### PROBLEM DESCRIPTION
In the listing below, find the line containing "There you go, and" and the line containing "Once you enter", then copy exactly everything from the first through the second, except the pictures.

:::

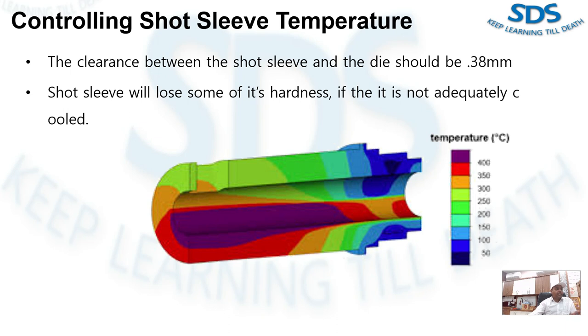The annealing temperature of S13, the usual short sleeve material, is only around 600 degrees centigrade. If the short sleeve is not adequately cooled, it will likely lose some of its hardness properties. Wear will then increase due to the abrasive action of any alloy that penetrates the gap.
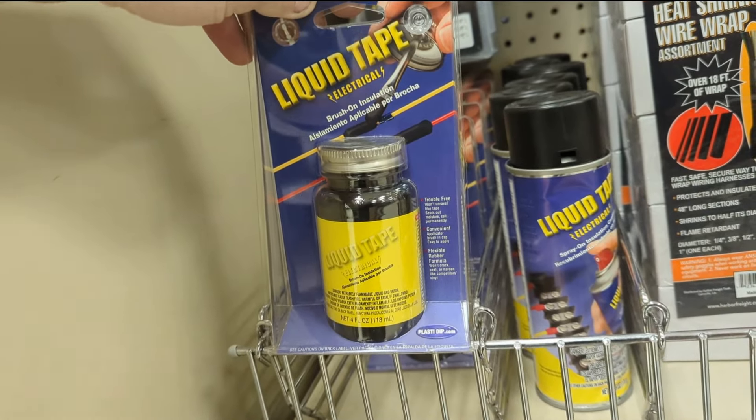I was looking around for something round that's roughly the right size. That is basically perfect. That's a really good size, so I'll use a Sharpie to mark it and then I can get to grinding.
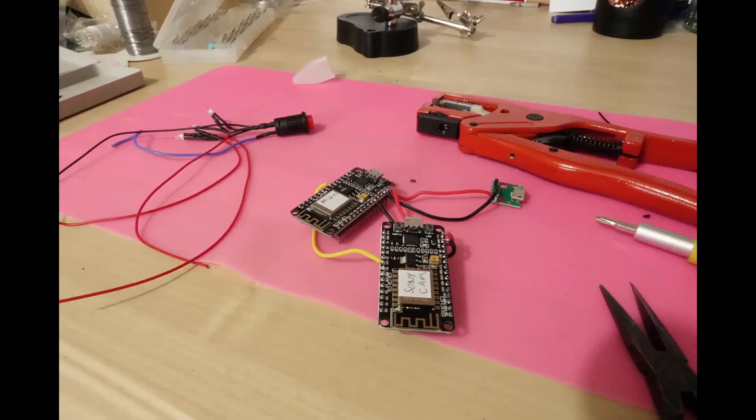The solution uses two ESP8266s: one determining when to take the photo and the other controlling the camera. The camera code is mostly what Reinhardt wrote, with the addition of a new interrupt routine to handle the input from the other ESP. With that in place, all that's needed is a case.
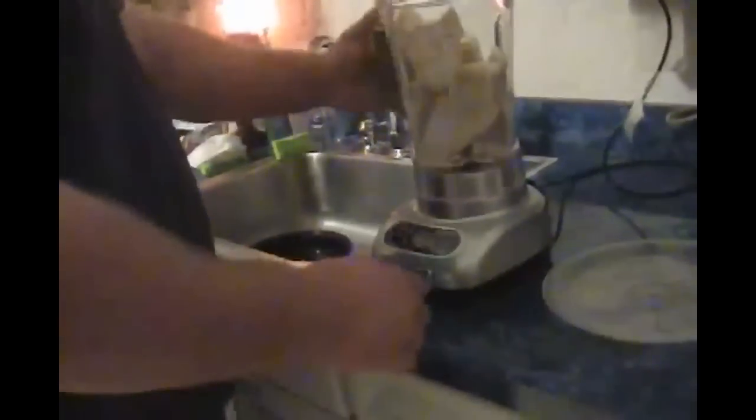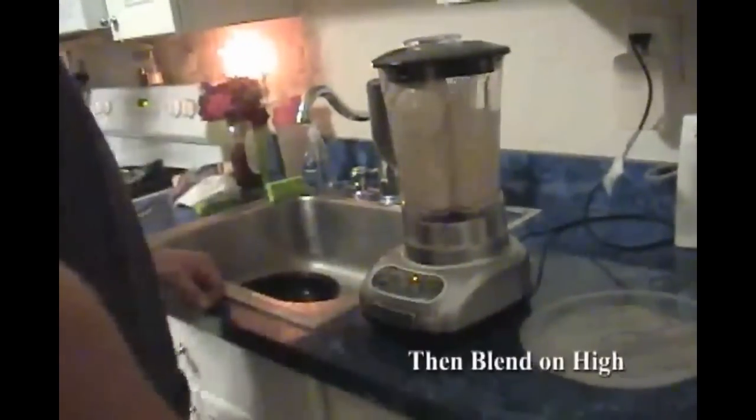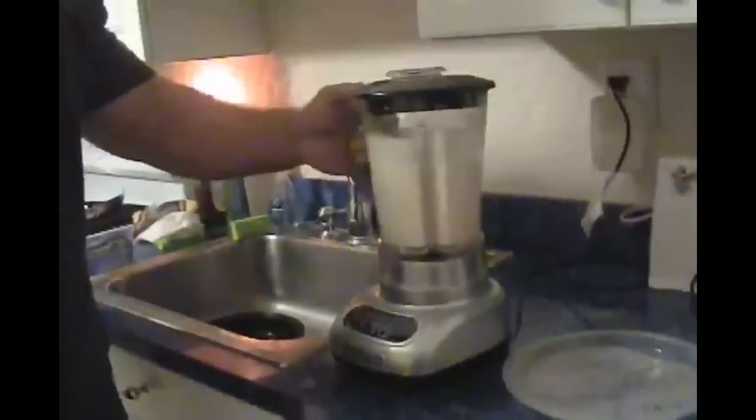There you go, and blend on high. There you go — a pound stone shake.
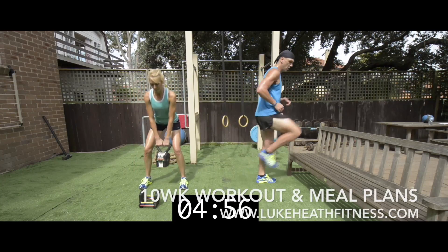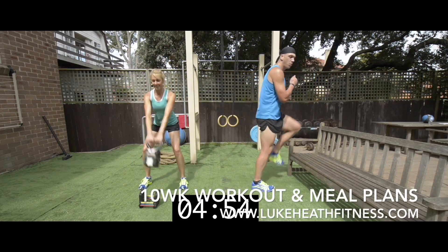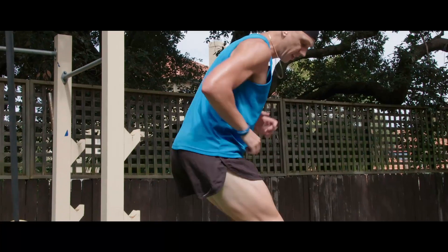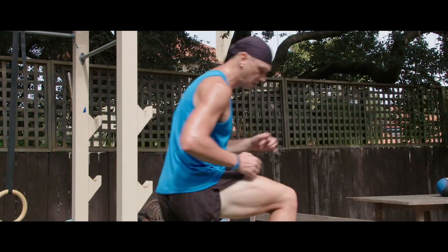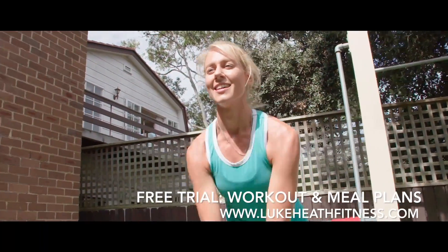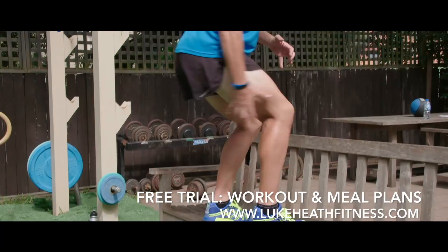Let's take a look at the stair climb. This can be performed anywhere at any height that's going to suit your level of strength and fitness. Just an easy little stair climb, finishing in that semi-squat on the top so you get your glutes, your quads and your hamstrings.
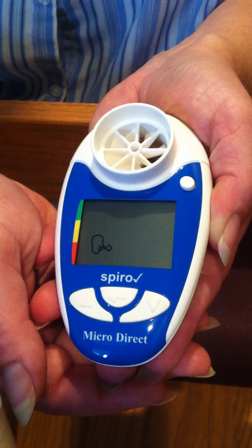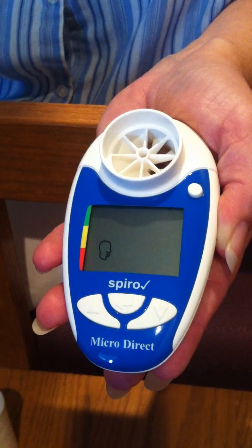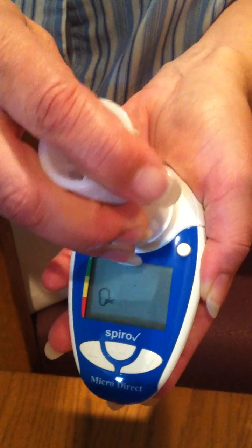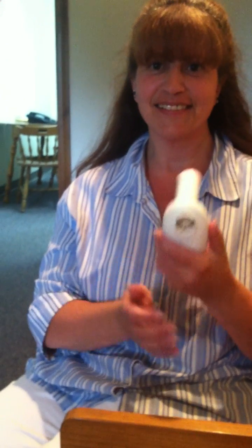Once you enter the person's ethnic origin, you will see a blow icon appear on the screen. Now you are ready to insert the disposable mouthpiece and the SpiroCheck Spirometer is ready to use. Make sure not to cover the vent hole when using the SpiroCheck Spirometer.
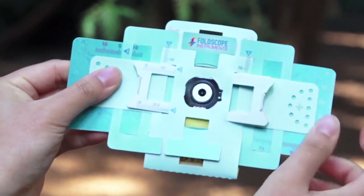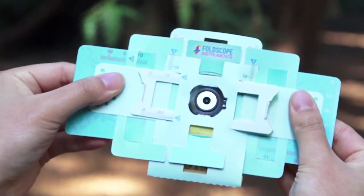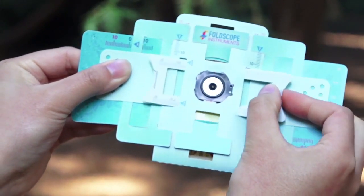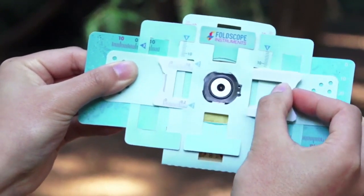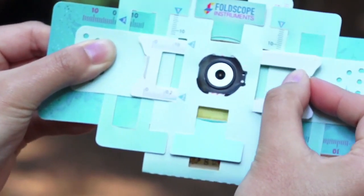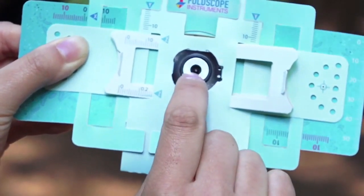What it's doing is it's moving the lens. To focus your image, you can slide your focus ramp side to side like this using your dominant hand. I'm right handed so I'm using my right hand right now. Do these motions while you're looking straight into the lens.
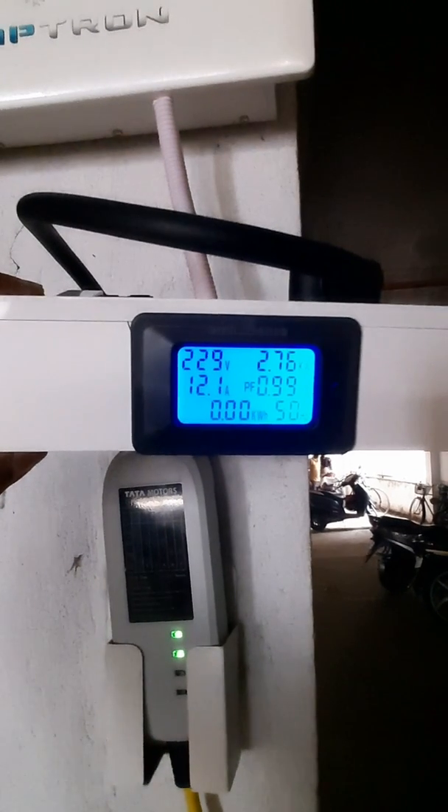Now you can see 229 volts during charging and 2.76 kilowatts showing, and the unit is 0.00. So let's go to the car and have a look from the inside at the actual status.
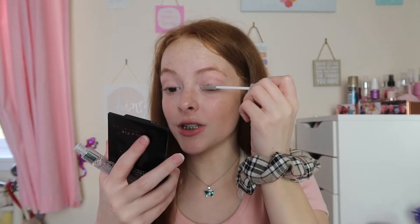Next up I curl my eyelashes with a pair of Primark curlers. Then I go back to the Collection Color Lash clear mascara because I have quite light eyelashes and don't like to do super bold lashes for school. I just separate my lashes a little bit with this and that's literally it — you can barely see the difference.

:::

### YOUR RESPONSE
There you go, and blend on high. There you go — a pound stone shake.
Let's take a look at the stair climb. This can be performed anywhere at any height that's going to suit your level of strength and fitness. Just an easy little stair climb, finishing in that semi-squat on the top so you get your glutes, your quads and your hamstrings.
Once you enter the person's ethnic origin, you will see a blow icon appear on the screen. Now you are ready to insert the disposable mouthpiece and the SpiroCheck Spirometer is ready to use. Make sure not to cover the vent hole when using the SpiroCheck Spirometer.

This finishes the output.